_How to complete this task_: For the entries that follow, restate word for word the line containing "2019 TOYOTA CAMRY", the line containing "Flussometro a gas", and every line that lies between them.

_Information supplied_:
********

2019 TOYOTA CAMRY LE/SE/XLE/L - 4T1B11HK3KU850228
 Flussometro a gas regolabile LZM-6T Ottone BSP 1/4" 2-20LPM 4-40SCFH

********

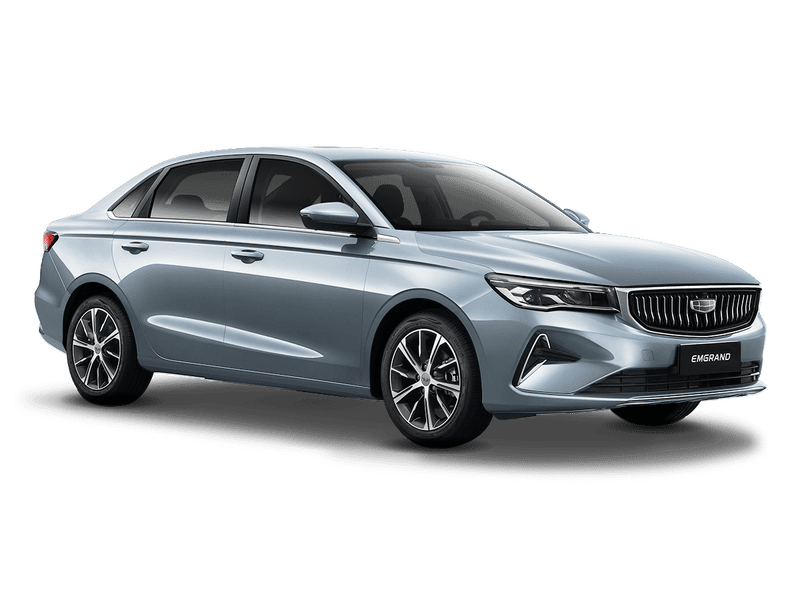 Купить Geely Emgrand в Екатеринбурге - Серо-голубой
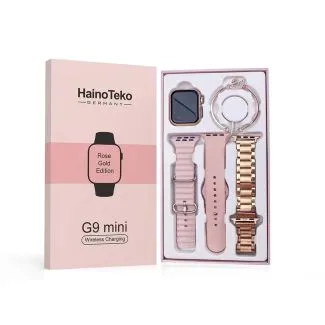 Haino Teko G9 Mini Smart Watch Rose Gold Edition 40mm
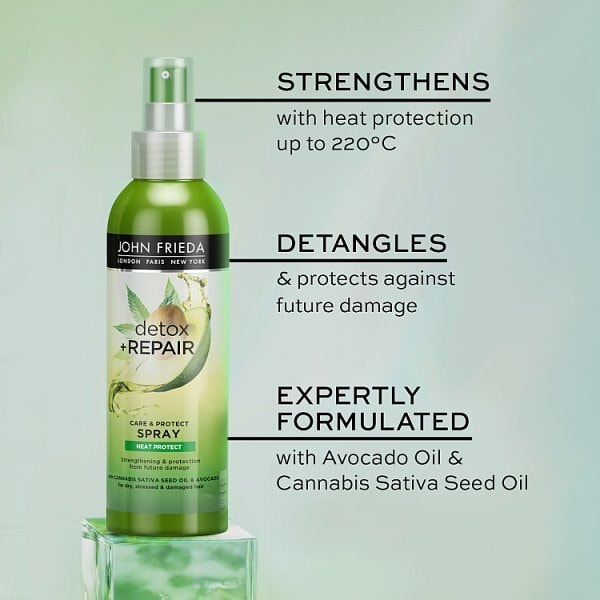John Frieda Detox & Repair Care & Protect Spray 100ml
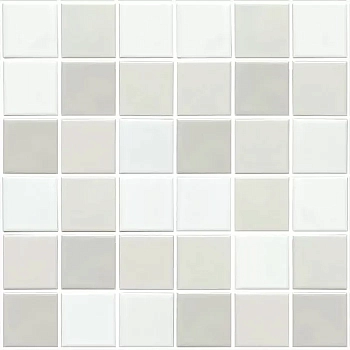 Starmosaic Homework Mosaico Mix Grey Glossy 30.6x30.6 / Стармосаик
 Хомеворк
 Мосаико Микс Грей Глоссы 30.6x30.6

********

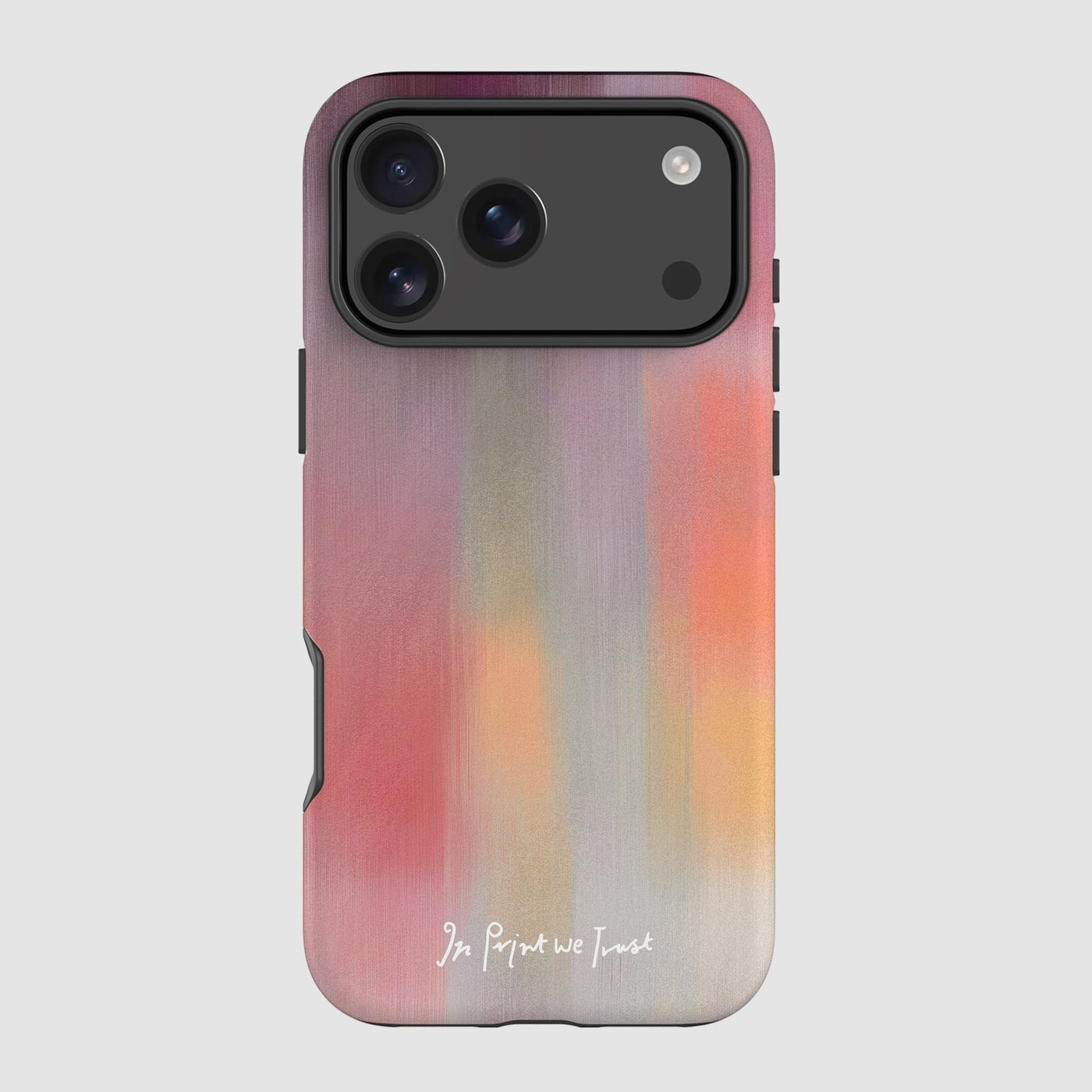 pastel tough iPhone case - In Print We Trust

********

_Output for this task_:
2019 TOYOTA CAMRY LE/SE/XLE/L - 4T1B11HK3KU850228
 Flussometro a gas regolabile LZM-6T Ottone BSP 1/4" 2-20LPM 4-40SCFH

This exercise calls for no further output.